Jure Pe_ar pegasus at
Fri Sep 17 06:11:00 EDT 2004

On Fri, 17 Sep 2004 08:25:26 +0200
Paul Dekkers <Paul.Dekkers at> wrote:

> I would say not at an interval but as soon as there is an action 
> performed on one mailbox, the other one would be pushed to do something. 
> I believe that is called rolling replication.
> I would not be really happy with a interval synchronisation. It would 
> make it harder to use both platforms at the same time, and that is what 
> I want as well. So there is a little-bit of load-balancing involved, but 
> more and more _availability_.
> Being able to use both platforms at the same time maybe implies that 
> there is either no master/slave role or that this is auto-elected 
> between the two and that this role is floating...
> Paul

I'm jumping back into this thread a bit late ... 

My feeling is that most of cyrus instalations run one or a few domains with
many users; at least that is my case. That's why i'd base any kind of
replication we come up with on the mailbox as the base unit. As raid uses
disk block for its unit, so would we use mailbox (with all its subfolders).
In a way that one would be able to take care of the whole domains on the
higher level, if needed.

Today we have the option of using murder (or perdition, with some added
logic) when more than one backend machine is needed. This brings us a kind
of "raid linear" (linux md speak) or concatenation of space into a single
mailstore. With all the 'features' of such setup: if you lose one
machine(disk), all users(data) on that machine(disk) are not available.

So what i'm thinking is we need is a kind of raid1 or mirroring of
mailboxes. Imagine user1 having its mailbox on server1 and server2, user2 on
server2 and server3, user3 on server3 and server1 ... for example. Murder is
already a central point with a knowledge of where a certain mailbox is and
how to proxy pop, imap and lmtp to it and in my way of seeing things, it
would be best to teach it how to handle this 'mirroring' too.

Let say one of the two mailboxes is primary, and the other is secondary;
murder connects to the primary, lets the client do whatever it wants and
then replays the exact same actions to the secondary mailbox.

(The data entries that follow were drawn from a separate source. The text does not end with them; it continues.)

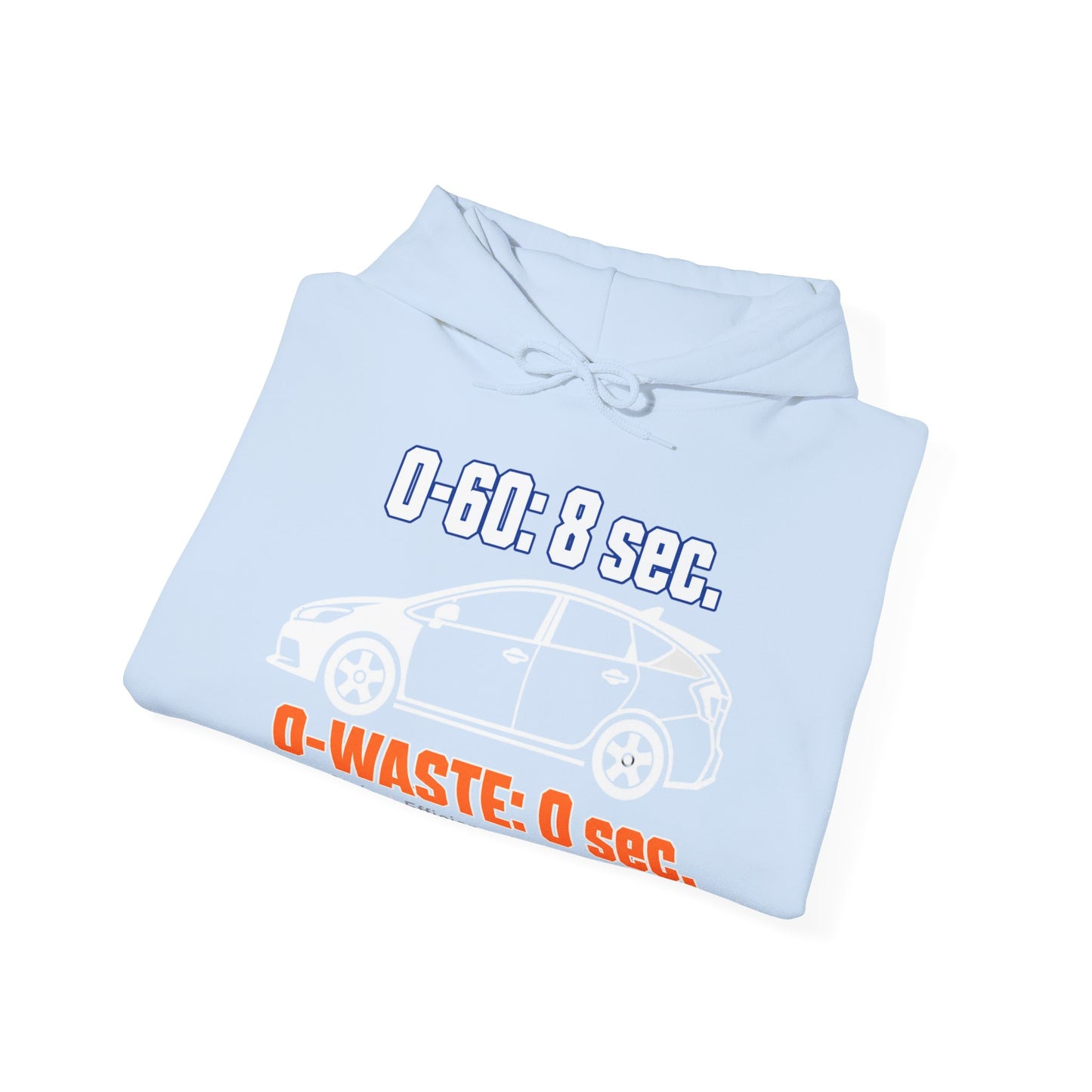 0-60 HDY Unisex Heavy Blend™ Hooded Sweatshirt
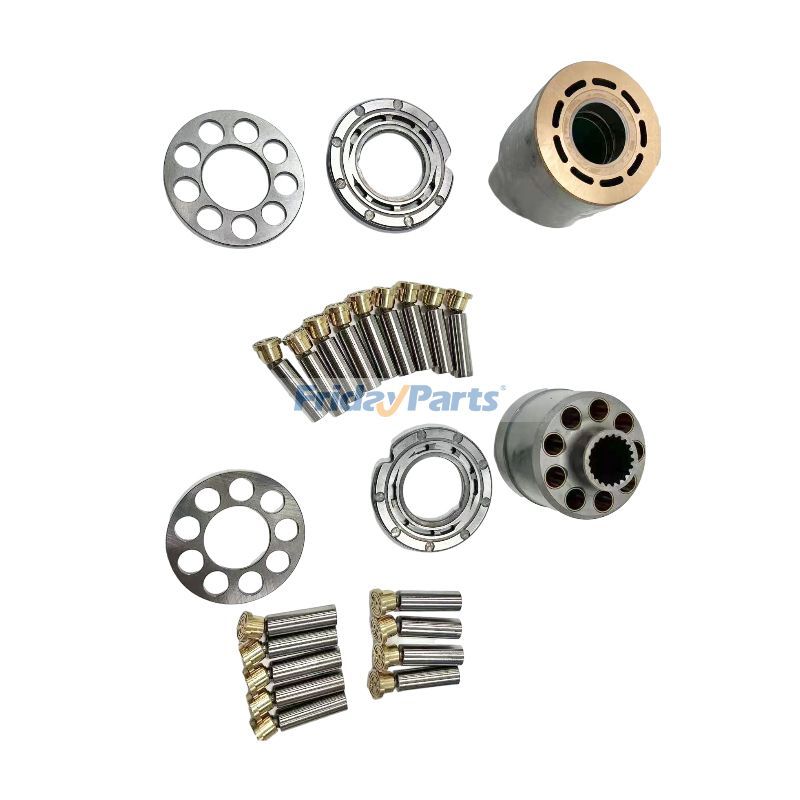 Hydraulic Pump Repair Parts Kit for Linde BPV70
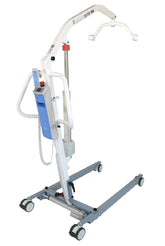 Samsoft Elite 180 Foldable Hoist with Electric Base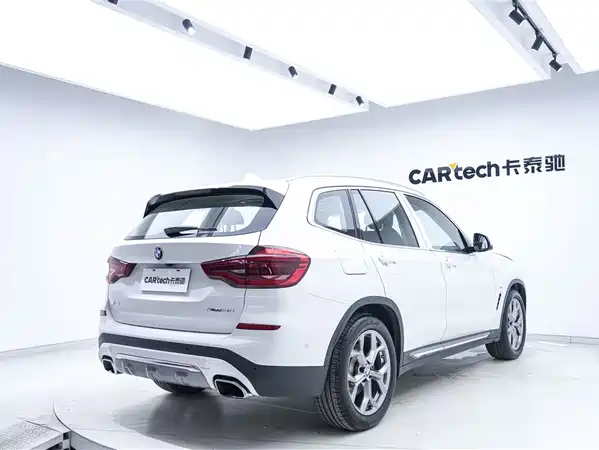 BMW X3 2020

If this is
done after the primary disconnects or while the client is still talking to
the primary, is implementation detail.

Performance bonus: connect to both mailboxes at once and pronounce as
primary the one that responds faster :)

Murder would have to know how to record and playback the whole client-server
dialogues. Considering that there's already a system in cyrus that lets
admin see the 'telemetry' of the imap conversation, i guess this could be
extended and tied into murder.

So far this is just how clients would talk to our system.

What else would we need?

Certanly a mechanism to manually move mailboxes between servers in a way
that murder knows about the changes. Thinking of it, mupdate protocol
already knows how to push metadatas around; why not extend it so it can also
move mailboxes? Or should perl mupdate module be born and then some scripts
should be written with it and imap?

Then maybe some mechanism for murder to deceide on which servers to put
newly created mailboxes on. Ideally this would be plugin based with
different policies (load, disk space, responsiveness, combination of those,
something else), but a simple round robin would do for a start.

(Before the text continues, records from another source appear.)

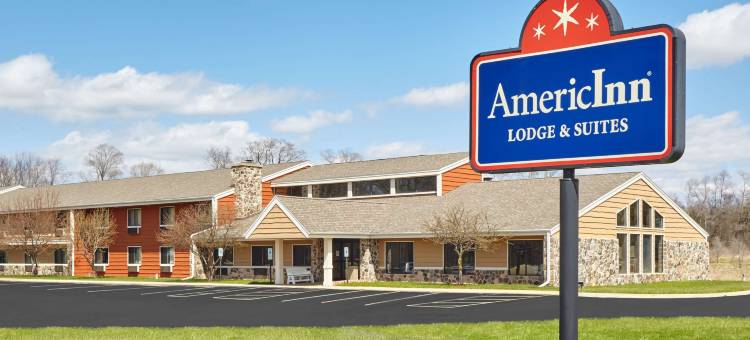 伯灵顿美吟温德姆酒店(AmericInn by Wyndham Burlington)图片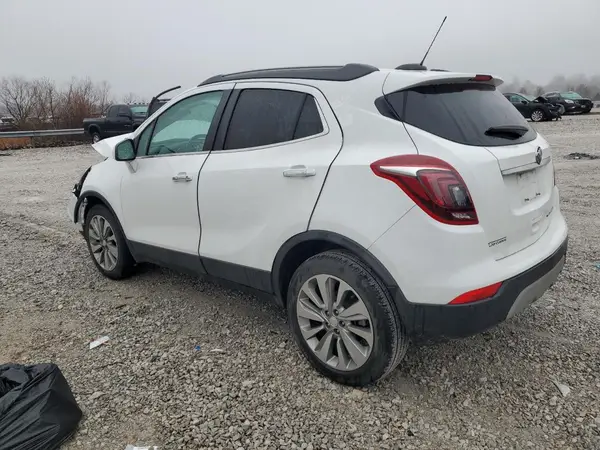 KL4CJASB4LB005672 2020 BUICK ENCORE - Image 2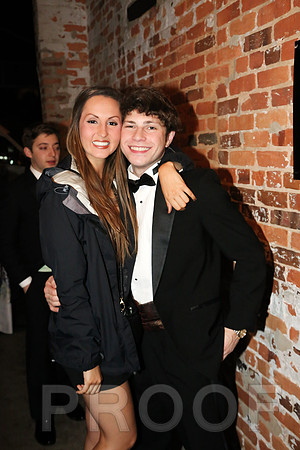Phi Mu Formal at The Foundry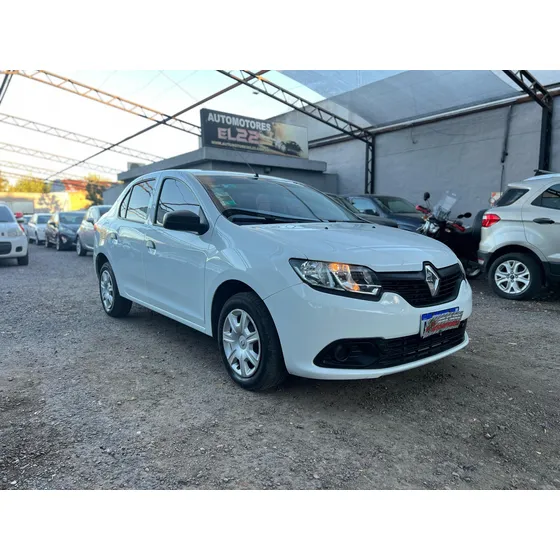Renault Logan Nuevo Logan Authentique Plus 1.6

For those that do not want to have mailboxes in sync, a mechanism to delay
updates to the secondary mailbox. (In this case, which mailbox is primary
and which is secondary should not change) Also a way of handling huge piles
of backlogs in case one of the machines is down for a longer period of time.
Maybe a mechanism to sync the mailbox from the other server and discarding
the backlogs would be handy in such case. And a way to manually trigger such
resync on a specific mailbox.

Probalby something else i can't think of right now.

So how does this "cyrus in a raid view" sound? It should probalby be called
"raims" for redundand array of inexpensive mail servers anyway ;)

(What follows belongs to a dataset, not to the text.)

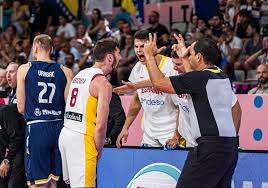 España Eliminada del Eurobasket: Fin de una Era Dorada - Imagen principal del artículo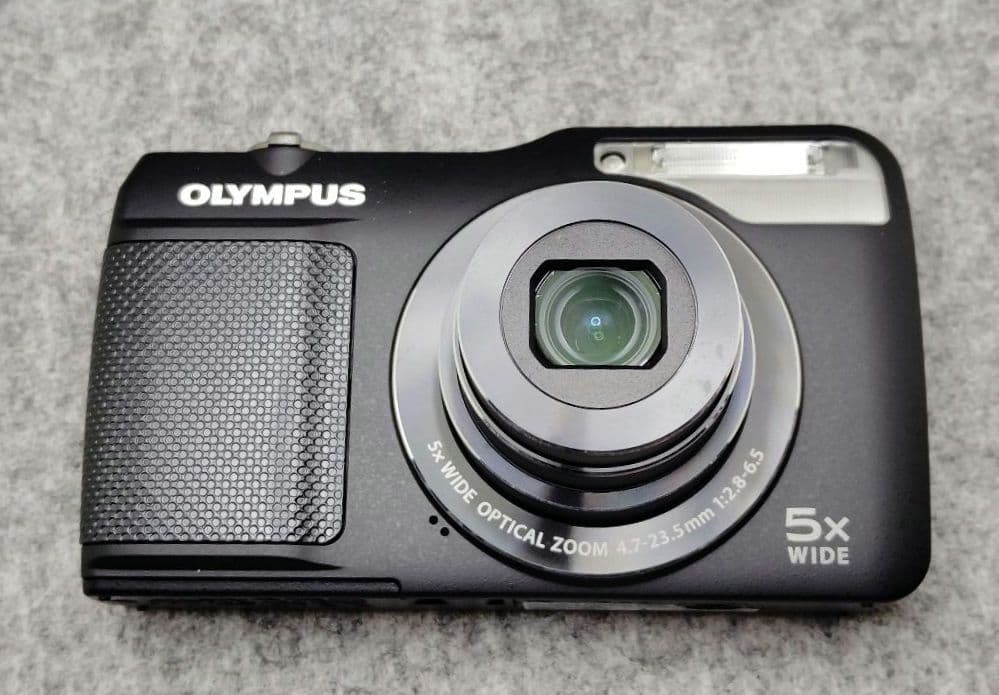 OLYMPUS VG-170 コンパクトカメラ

This way all the logic is done in one place and you only have to take good
care (in a HA sense) of the mupdate master machine. Others can remain cheap
and relatively dumb than can be pulled offline at will. Given fast enough
and reliable links, this could also work in a geographycally distributed

Ken, is something like this reasonable? 

Oh, i'd like to know what folks think about all this HA thing.